> _Task details_: An exact reproduction of all the data is needed, with no images in it.

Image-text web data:

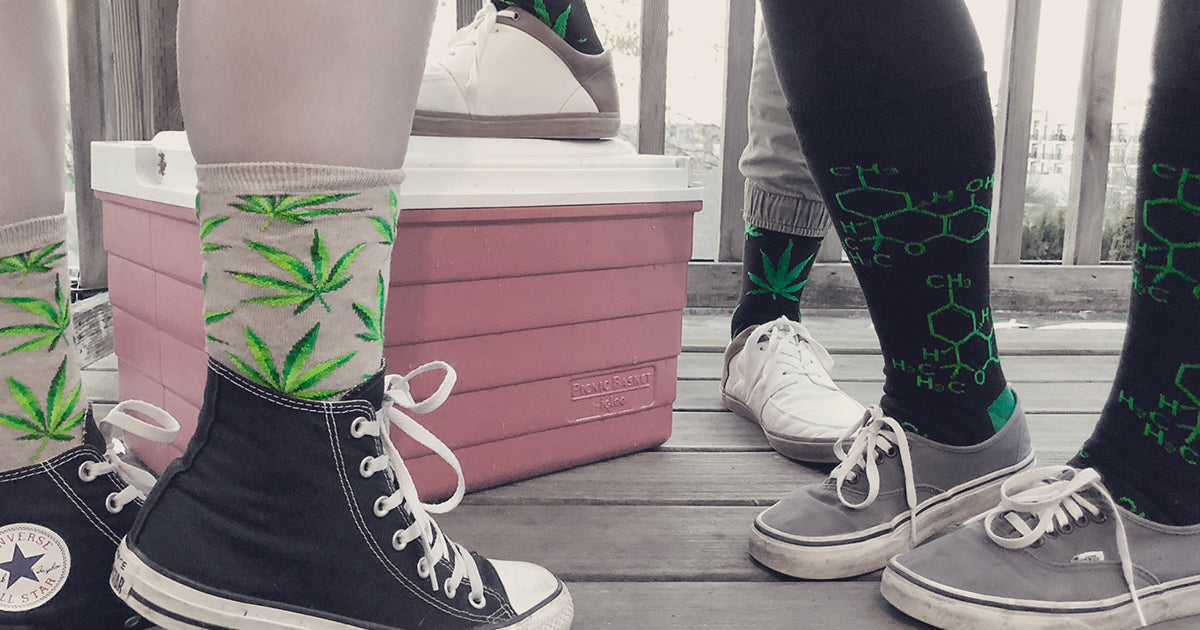 Weed socks for men and women wit pot leaves and THC molecules.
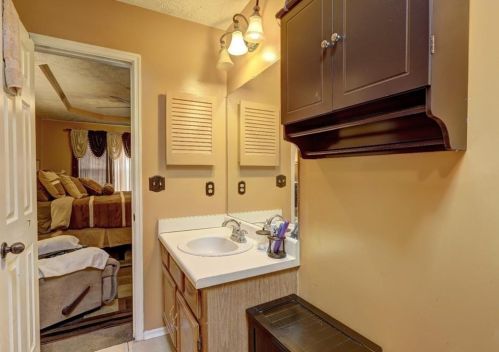 6786 Bent Crk Dr, Rex GA 30273-2100 exterior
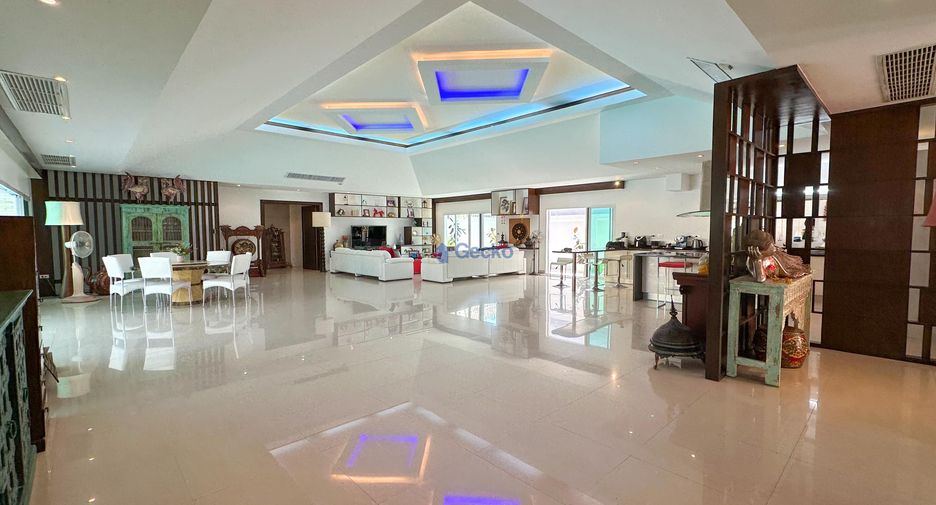 For sale 3 bedrooms house in Jomtien, Pattaya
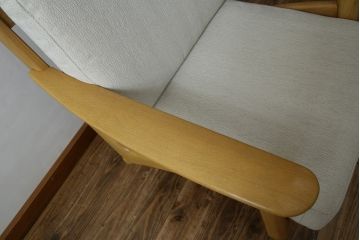 中古　美品　HAMAMOTO(浜本工芸)　ナラ材　和・洋どちらの空間にも取り入れやすい回転リビングチェア(イージーチェア、ダイニングチェア、回転ソファ、アームチェア、回転椅子、イス、回転チェア)(定価約12万円)(R-083353)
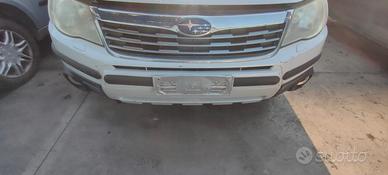 SUBARU FORESTER 2010 PARAURTI ANTERIORE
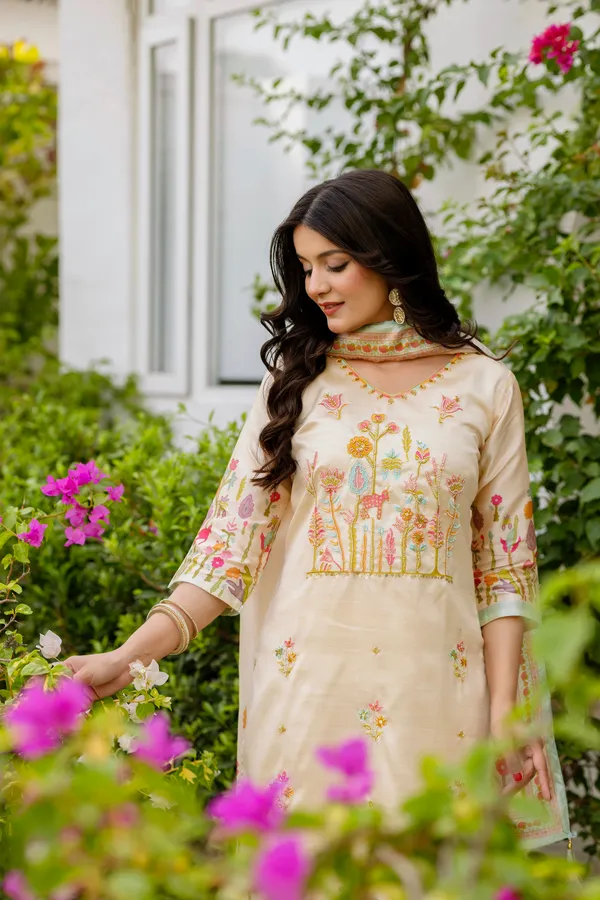 Cream_Viscose_Assam_Silk_Straight_Kurta_Set_For_Women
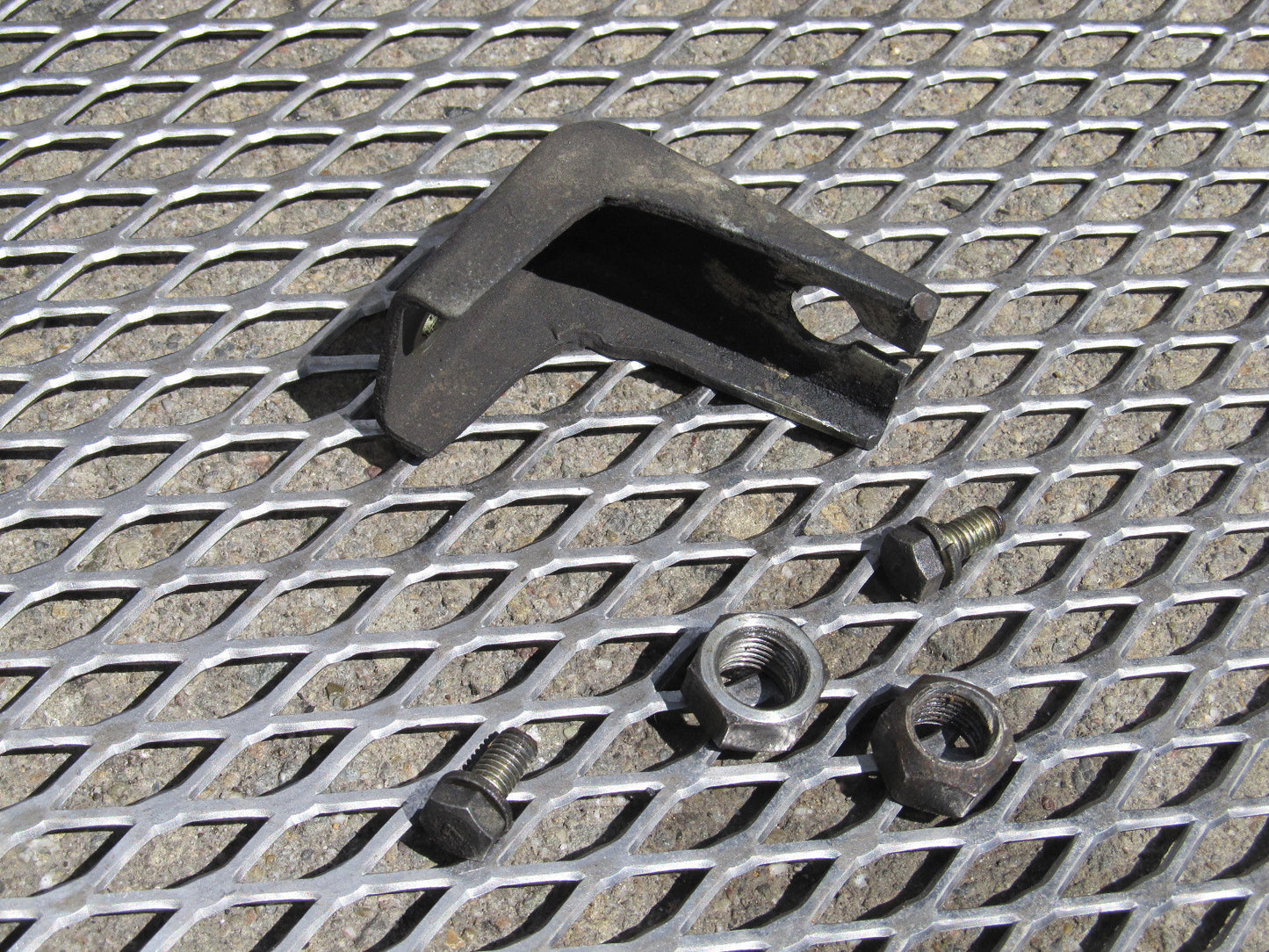 72 73 Datsun 240z OEM Rear Spindle & Control Arm Assembly - Left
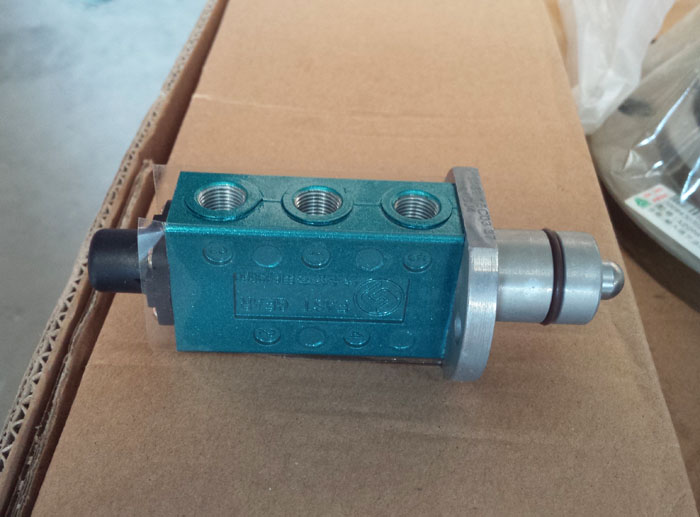 FAST AIR VALVE, F99660, HOWO TRUCK PARTS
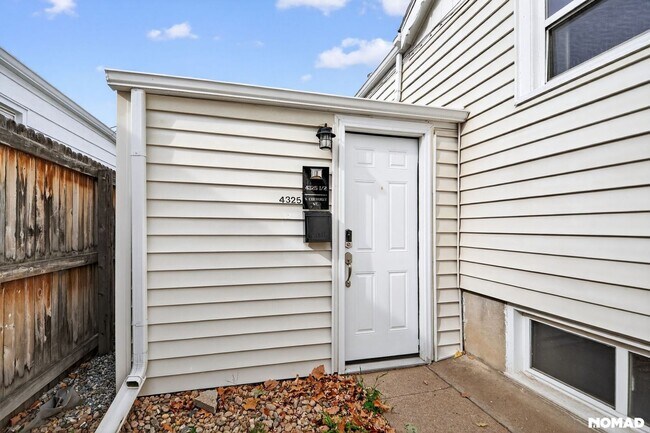 Building Photo - 4325 S Cherokee St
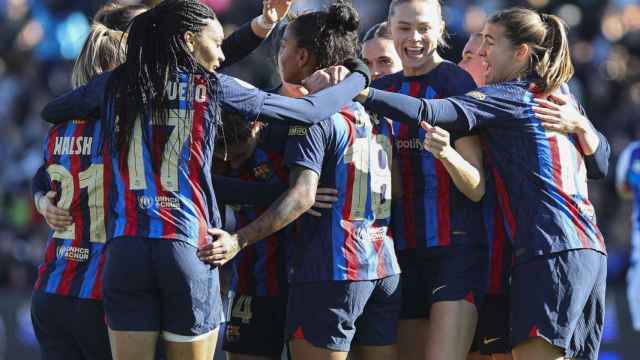 Las jugadoras del Barça celebran uno de los dos goles de Aitana ante la Real Sociedad / EFE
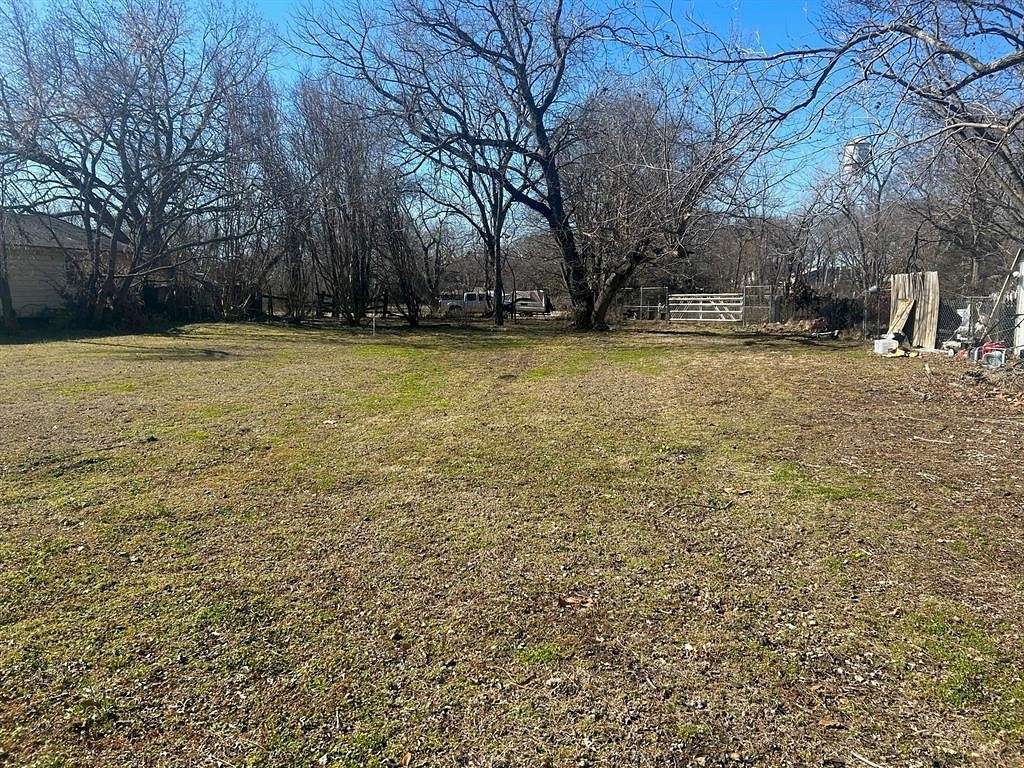 1.4 Acres of Land for Sale in Bells, Texas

> _Result for this exercise_:
 Weed socks for men and women wit pot leaves and THC molecules.
 6786 Bent Crk Dr, Rex GA 30273-2100 exterior
 For sale 3 bedrooms house in Jomtien, Pattaya
 中古　美品　HAMAMOTO(浜本工芸)　ナラ材　和・洋どちらの空間にも取り入れやすい回転リビングチェア(イージーチェア、ダイニングチェア、回転ソファ、アームチェア、回転椅子、イス、回転チェア)(定価約12万円)(R-083353)
 SUBARU FORESTER 2010 PARAURTI ANTERIORE
 Cream_Viscose_Assam_Silk_Straight_Kurta_Set_For_Women
 72 73 Datsun 240z OEM Rear Spindle & Control Arm Assembly - Left
 FAST AIR VALVE, F99660, HOWO TRUCK PARTS
 Building Photo - 4325 S Cherokee St
 Las jugadoras del Barça celebran uno de los dos goles de Aitana ante la Real Sociedad / EFE
 1.4 Acres of Land for Sale in Bells, Texas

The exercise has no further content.